Tuesday 23 October 2012

Canada's Sleeping Peasants

The Sleeping Peasants by Picasso. An accurate depiction of the
the everyday Canadian. 

Ladies and Gentlemen as many of you know I am a political person. Sometimes too much to function. Lately I have become less political. Why? Not because politics isn’t important to me anymore. No, I still feel it is one of the most important things to understand if you want to be a functioning adult. As a sidebar, I am often surprised to find how many of my compatriots and indeed, people I call my friends don’t have the slightest clue about how politics influences their lives. Some cannot even name who the current Prime Ministre is. It’s Stephen Harper by the way. Moreover  we are no longer friends.

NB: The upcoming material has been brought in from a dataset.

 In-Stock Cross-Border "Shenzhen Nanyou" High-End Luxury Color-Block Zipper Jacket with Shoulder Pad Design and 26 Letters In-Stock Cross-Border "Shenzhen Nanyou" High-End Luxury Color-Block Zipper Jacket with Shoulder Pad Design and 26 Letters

So pack up your idiocy and go. Lately, I have found my fascination with politics, especially Canadian politics, a bitter pill to swallow. There is a poison that permeates the practice now and I find myself emotionally vomiting every time I either watch the CBC or pick up my daily Star.

On the municipal level, the city is not even functioning. The council seems to have more similarities with a Battle Royalesque jungle arena where Adam Vaughan wields a broadsword and Karen Stintz cltuches a cross bow, while the Mayour has taken to cannibalism. The city council is made of series of ignorant prats that think if one wants to be a good politician, one must constantly assert his/hers opinion to the point of absurdity rather then over coming their differences to find compromise. Compromise is not possible when the folks that one represents are as navel gazing as the representative.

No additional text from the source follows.